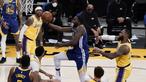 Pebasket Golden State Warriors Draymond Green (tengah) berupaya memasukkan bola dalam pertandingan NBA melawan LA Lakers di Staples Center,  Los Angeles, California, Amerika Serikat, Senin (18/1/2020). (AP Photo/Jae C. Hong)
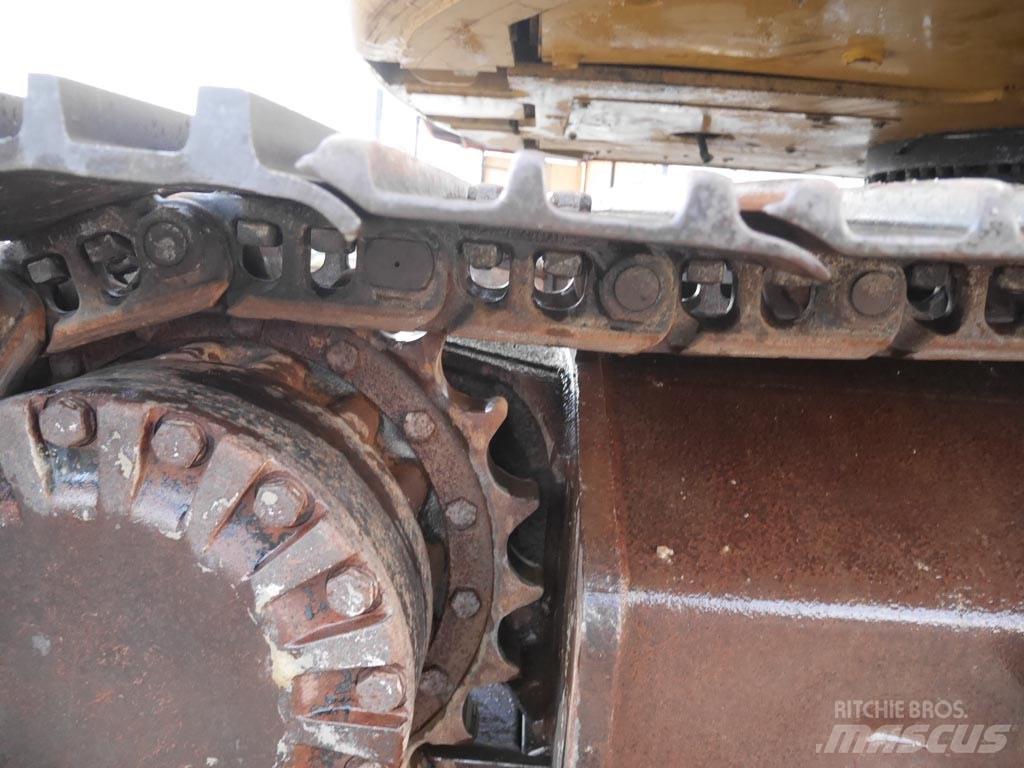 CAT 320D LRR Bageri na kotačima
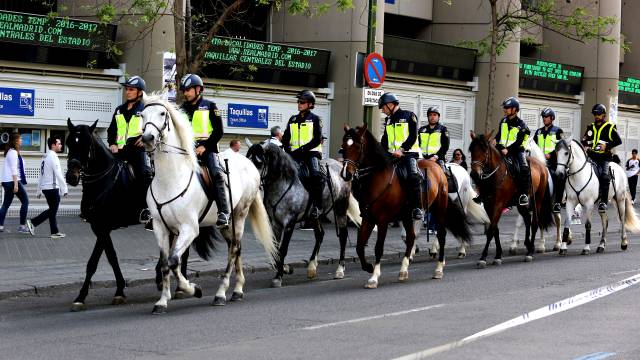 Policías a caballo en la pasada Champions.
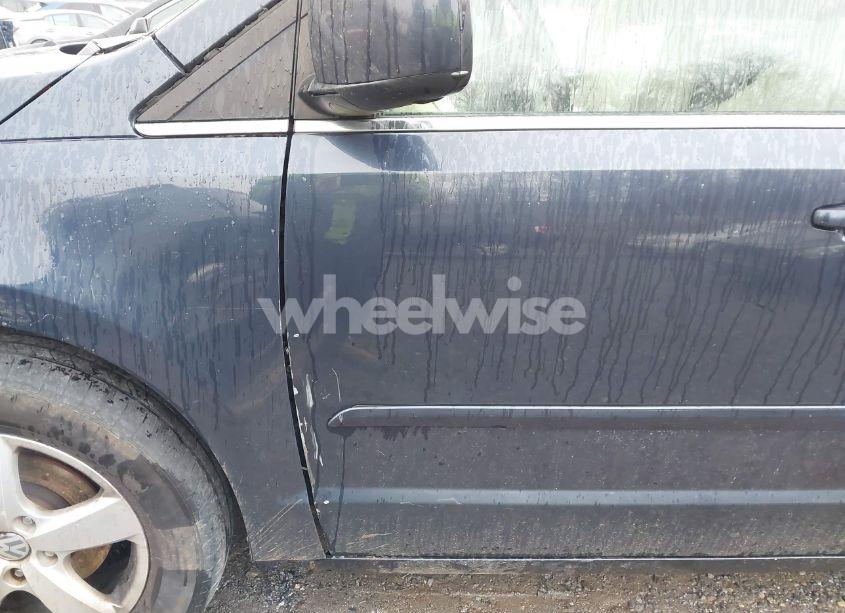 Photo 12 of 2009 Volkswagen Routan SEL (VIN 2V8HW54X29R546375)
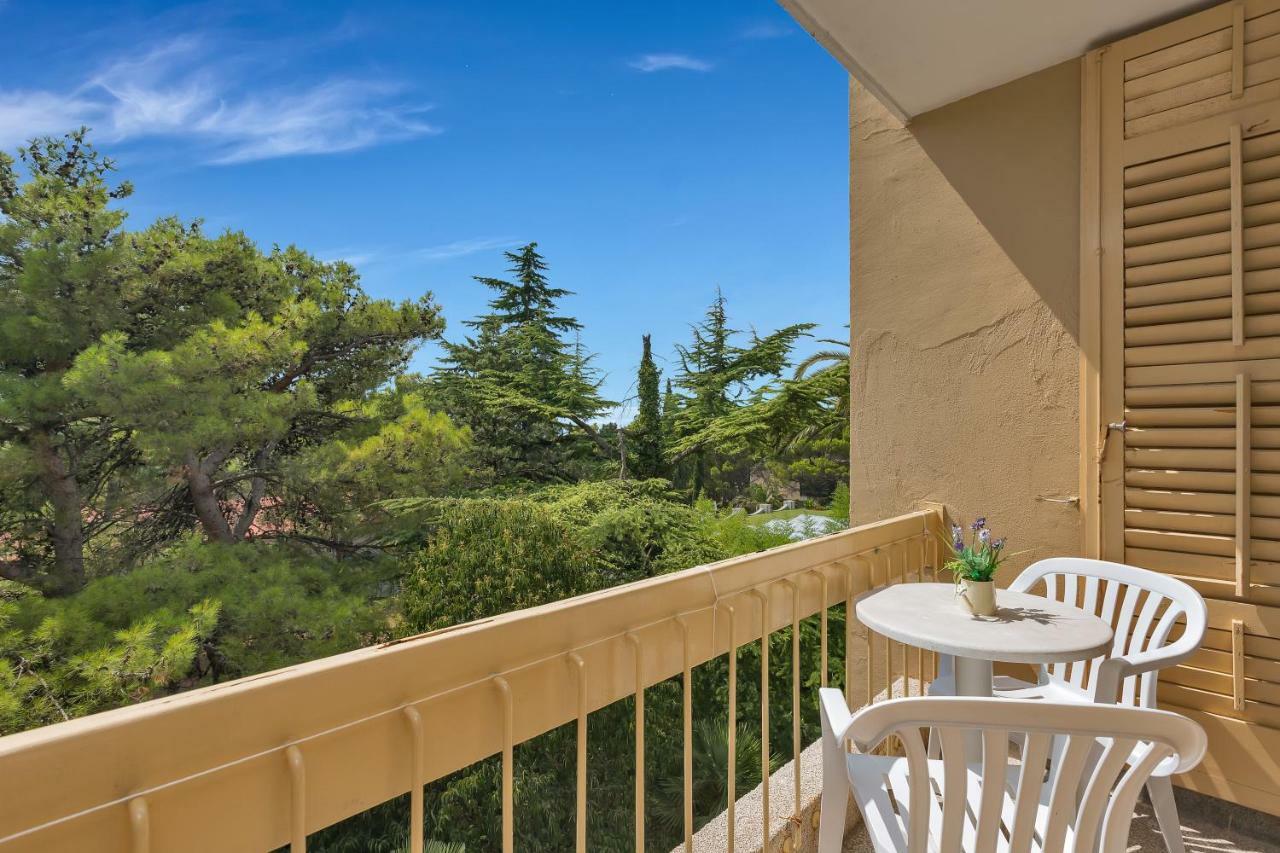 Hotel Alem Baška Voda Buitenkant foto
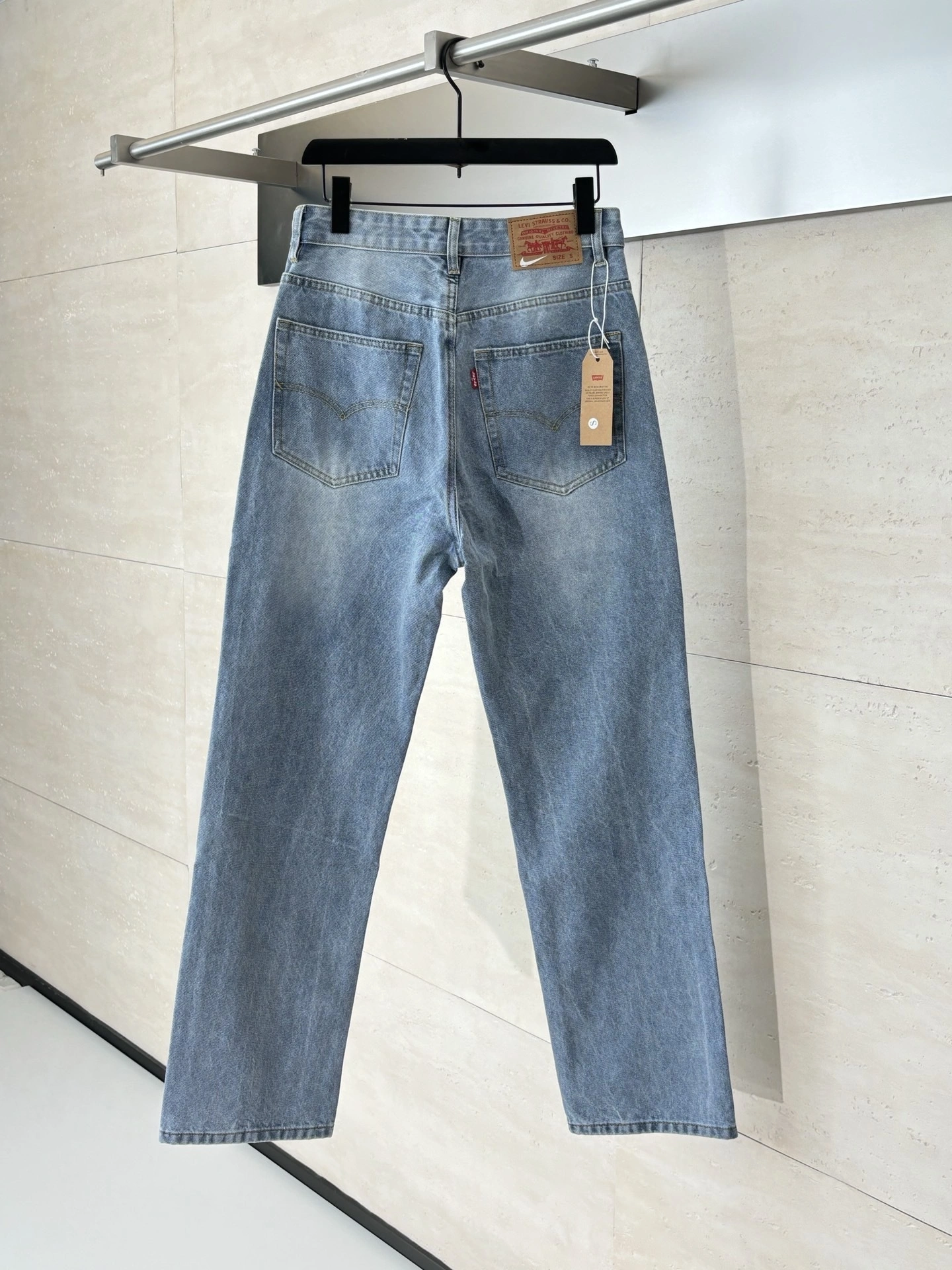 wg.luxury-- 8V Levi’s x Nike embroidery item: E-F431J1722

---------------

_Problem requirements_
Your copy should repeat each entry above exactly but contain no pictures.

_Reply to the exercise_
 Pebasket Golden State Warriors Draymond Green (tengah) berupaya memasukkan bola dalam pertandingan NBA melawan LA Lakers di Staples Center,  Los Angeles, California, Amerika Serikat, Senin (18/1/2020). (AP Photo/Jae C. Hong)
 CAT 320D LRR Bageri na kotačima
 Policías a caballo en la pasada Champions.
 Photo 12 of 2009 Volkswagen Routan SEL (VIN 2V8HW54X29R546375)
 Hotel Alem Baška Voda Buitenkant foto
 wg.luxury-- 8V Levi’s x Nike embroidery item: E-F431J1722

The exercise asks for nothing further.